Hey, I am running an 8800 ultra geforce card with 2 gigs of ram (1x1gb 2x512mb), and a 3.4ghz processor. I was wondering if adding 2 more sticks of decent-high end RAM and removing my 3 old sticks and replacing them with new, faster versions of RAM will improve my gaming. I am having fps issues when I set texture up on most games such as Ghost Recon 2 and Call of Duty world at war.


----------



## ash369 (Nov 24, 2008)

Hey Eddie,

Sometimes adding RAM will help and sometimes it won't. It seems as though your spec is quite high. Why is there any need for an upgrade?


----------



## Eddiex1x (Oct 7, 2008)

Because after playing Ghost Recon 2 (A relatively old game) I was having FPS problems when all settings were on high. Even with my supposed "killer" graphics card.


----------



## McNinja (Jun 22, 2008)

that graphics card is old now
the CPU is only a single core so and a dual core at 3 ghz is about 70 - 110% faster 

I have a killer graphics card my gtx 260

can you post your system specs 
name and brand of each component 
motherboard
PSU
ram
cpu
graphics card


----------



## Eddiex1x (Oct 7, 2008)

mobo-the one that came with dell xps gen 5
PSU-dell 650watt psu (no other option)
RAm-2x512 mb and 1gb (not sure of the companies but they are pretty old.)
cpu-intel pentium 4 3.4ghz (2 cpus) it says i have 2 of those, so dual core?
graphics card-xfx geforce 8800 ultra


----------



## Cobracon (May 3, 2008)

Eddiex1x said:


> mobo-the one that came with dell xps gen 5
> PSU-dell 650watt psu (no other option)
> RAm-2x512 mb and 1gb (not sure of the companies but they are pretty old.)
> cpu-intel pentium 4 3.4ghz (2 cpus) it says i have 2 of those, so dual core?
> graphics card-xfx geforce 8800 ultra


There is nothing wrong with, or very "old" about your video card, unless Snob Appeal is a large part of your life.

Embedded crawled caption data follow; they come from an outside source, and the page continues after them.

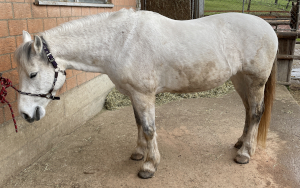 Licorne, vor der Session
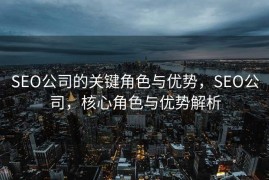 SEO公司的关键角色与优势，SEO公司，核心角色与优势解析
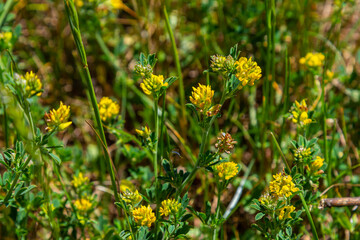 Medicago falcata, plant species of the genus Medicago. It is native to much of Europe and Asia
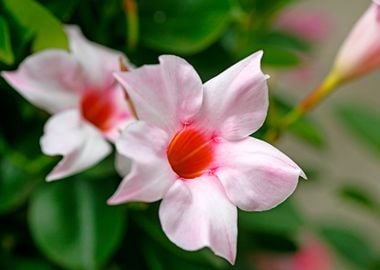 Mandevilla pink flower 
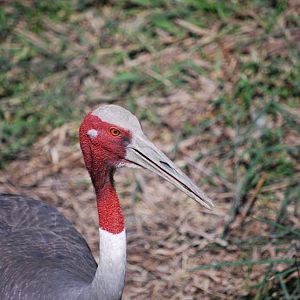 Sarus Crane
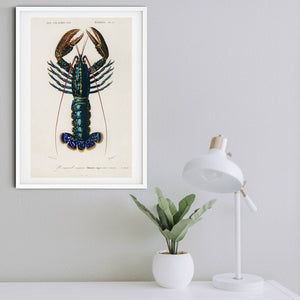 Framed Lobster Print, Vintage lobster poster Vintage Animal Prints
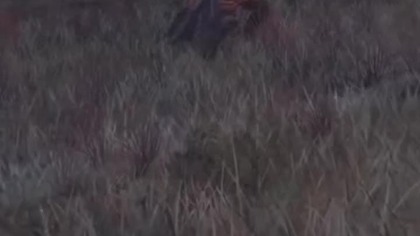 Elden Ring NG+ Boss : Łowca Dzwonków Kulistych.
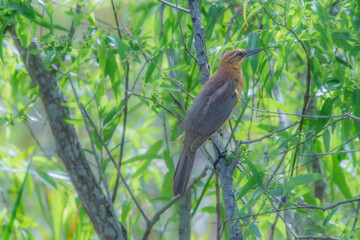Pretty bird photographed in the everglades protected park in Florida USA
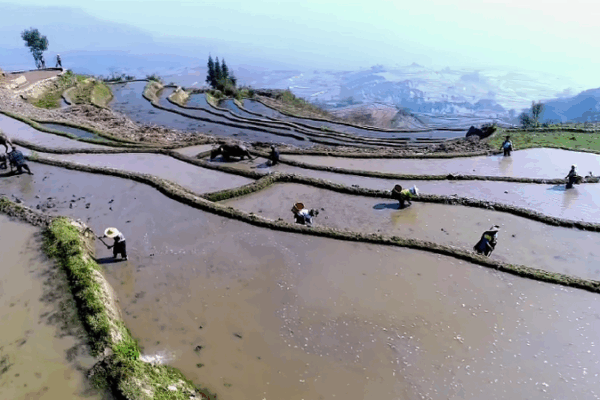 Millennial Terraces Reborn: How the Hani People Are Cultivating Prosperity Millennial_Terraces_Reborn__How_the_Hani_People_Are_Cultivating_Prosperity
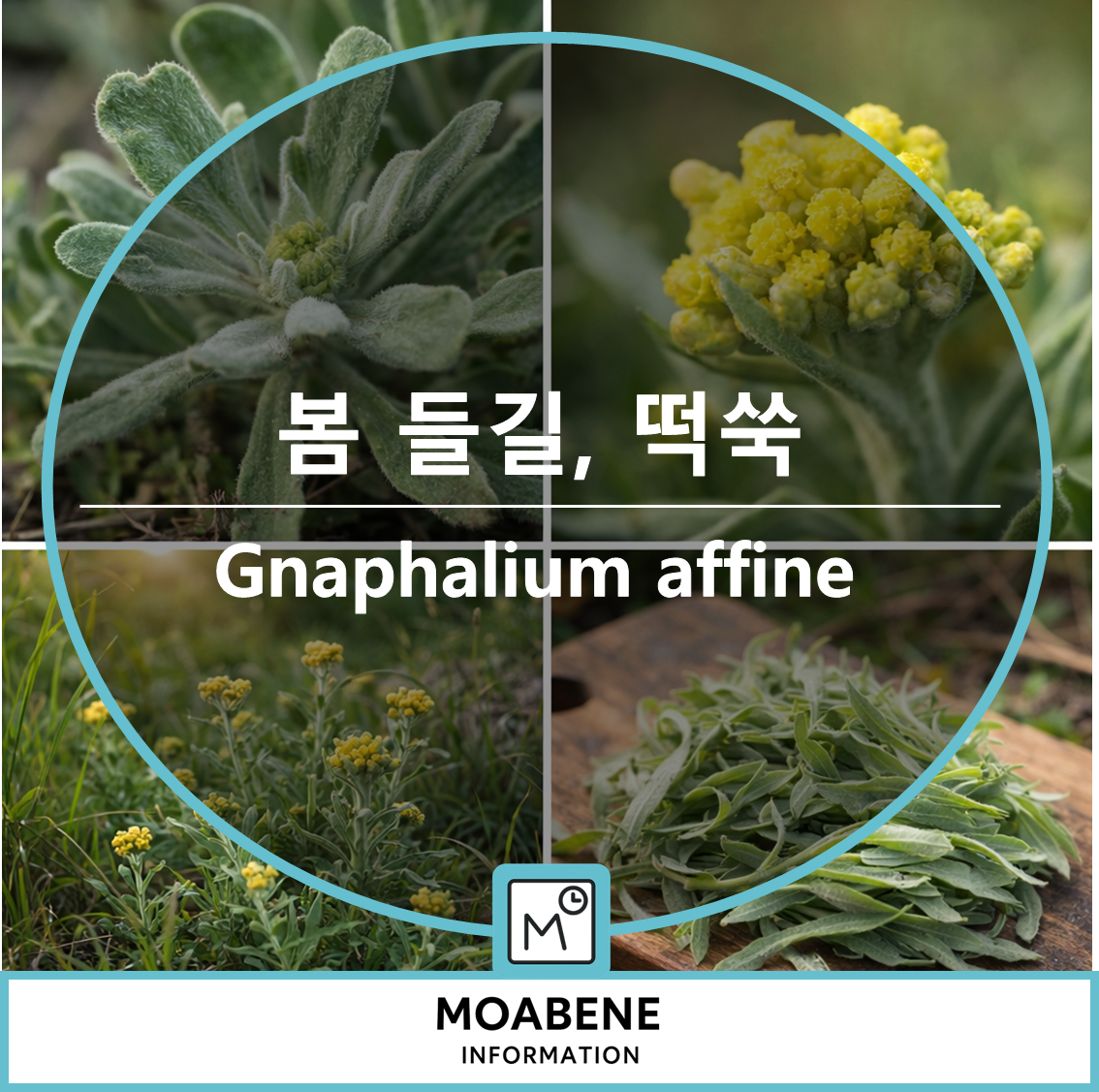 봄 들길에서 만나는 떡쑥(Gnaphalium affine) 알아보기: 생김새, 채취 시기, 활용법까지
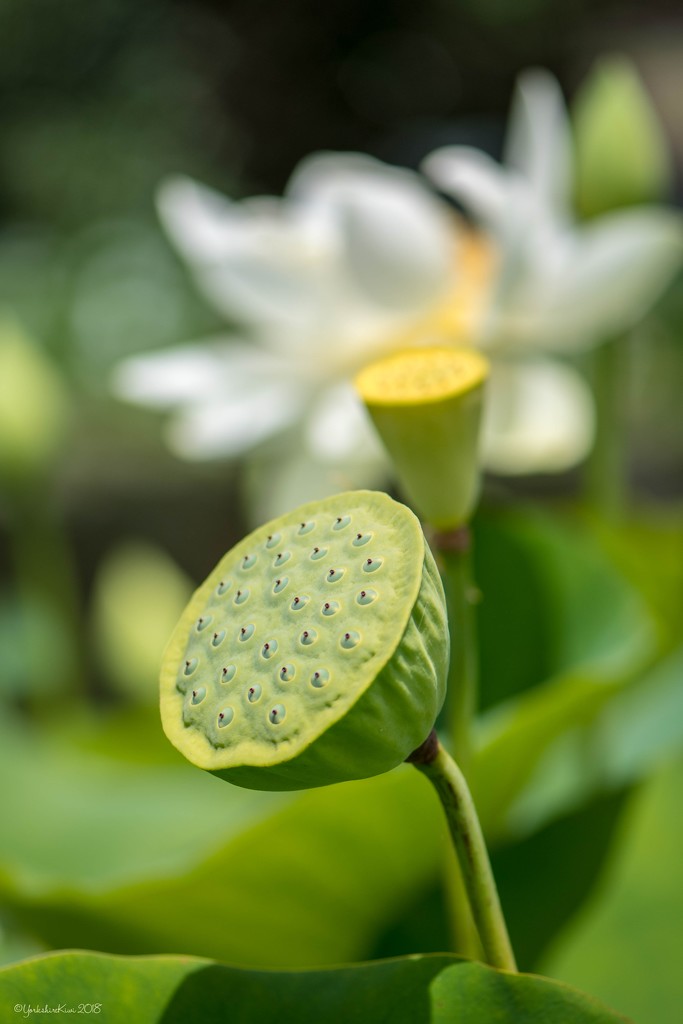 Lotus Lily by yorkshirekiwi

Lower latency (faster) RAM could help your problem, but be careful when upgrading any components in a 'name brand' computer. I'd go for all new RAM. To get an idea of what will work try the online RAM 'configurators' at Crucial.com, Newegg, OCZ, etc. Though Crucial's RAM can be a little expensive (if you buy it directly from them), it's guaranteed to work. BTW, you can take the part number(s) found at Crucial's site and shop online for better pricing.


----------



## McNinja (Jun 22, 2008)

ohh you have a dual core than its a pretty fast comp
I was saying the video card is old in terms with the fact that computer technology moves too damm fast

yea like what cobracon said (hahahaha GI Joe, thinking of robotchicken) more ram will definitely speed of your computer

whats your motherboard name and brand so we can suggest some fast quality low cost ram for you


----------



## rickurd (Dec 13, 2007)

The Geforce 8 Series is in no way outdated. I have an 8800GTX on an AMD Athlon X2 clocked at 2.2GHz and it plays all my games at 60+ fps. 

The Geforce 8800 is a killer card. There is nothing wrong with it.

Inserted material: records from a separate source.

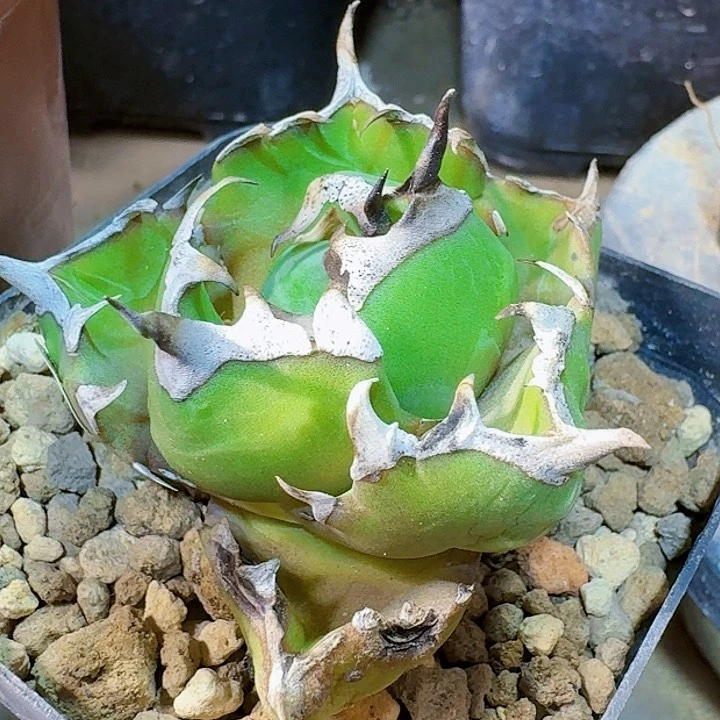 马***吃龙舌兰植物姬严龙34号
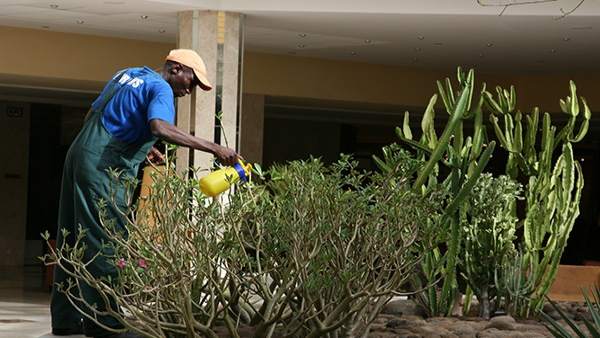 Trabajador extranjero Trabajador extranjero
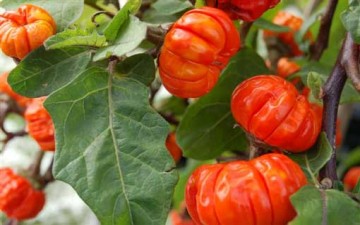 شجرة اليقطين.. ذُكرت في القرآن الكريم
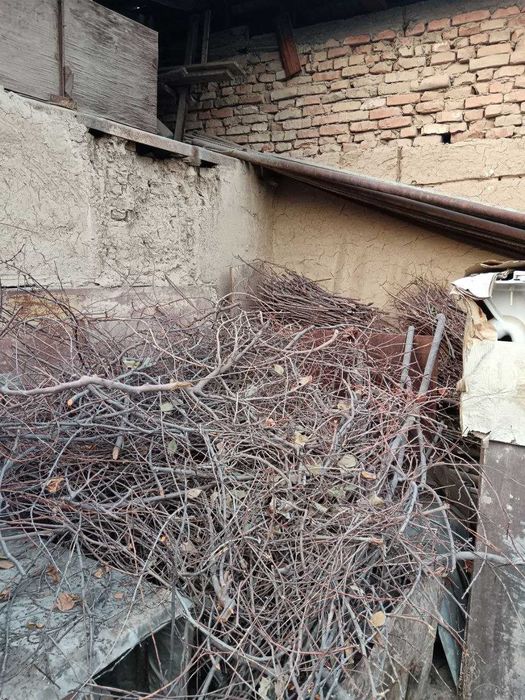 Дрова.Otin.Mayda otin.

Mcninjaguy you are an xxxxx


----------



## rickurd (Dec 13, 2007)

Besides I thought this thread was about a possible memory upgrade, not GPU upgrade


----------



## Cobracon (May 3, 2008)

*Make sure your motherboard and video card drivers are up-to-date, too. nVidia has been rolling their's out on a regular basis.*


----------



## McNinja (Jun 22, 2008)

its is about a memeory upgrade I just need the motherboard and ram type and brand, sspeed etc to give a reccomendation for more ram


----------



## Eddiex1x (Oct 7, 2008)

Thanks a lot for your attempt at helping me guys,here is some more info so that you might be able to help me out easier. My motherboard's brand is DELL, since my computer is from dell...i think that my problem might be motherboard drivers. Crucial.com says that 'Each memory slot can hold DDR2 PC2-5300,DDR2 PC2-6400 with a maximum of 2GB per slot.'
Also, does anisotropic filtering and trillinear/billinear filtering depend on RAM, as in will increasing it to a high amount be more stable if I have more RAM as well as a good video card?


----------



## dai (Jul 2, 2004)

upgrade your psu to a quality 850w


----------



## Eddiex1x (Oct 7, 2008)

Dai, If you read my above comments it's impossible, I have a dell xps gen 5, the highest psu I could get is the one I have.


----------



## Wrench97 (May 10, 2008)

The board uses DDR2 533 or 667 not 800 on a Intel 955x Express chips
Do you have Bios version A05 (it will be shown on the bottom of the boot screen)
This is the memory I would use in your system > http://www.crucial.com/store/mpartspecs.aspx?mtbpoid=04EC42B9A5CA7304

To see what you have now D/L and run CPUz post screen shots of the first tab and the memory tabs.
http://www.cpuid.com/cpuz.php
How TO post screen shots> http://www.techsupportforum.com/content/Software/Articles/151.html

The PSU does use standard EPS connectors so if you really wanted to you mount one externally.
http://support.dell.com/support/edocs/systems/dimxpsg5/sm/techov0.htm#wp1052309
Fyi this is the PSU that Gen5's use


----------



## Jtsou (Jul 13, 2007)

Yea whoever says that an 8800 Ultra is old or outdated is very very wrong. It is still a very good and fast card.


----------



## Pauldo (Jun 22, 2008)

I agree that this could be a driver issue.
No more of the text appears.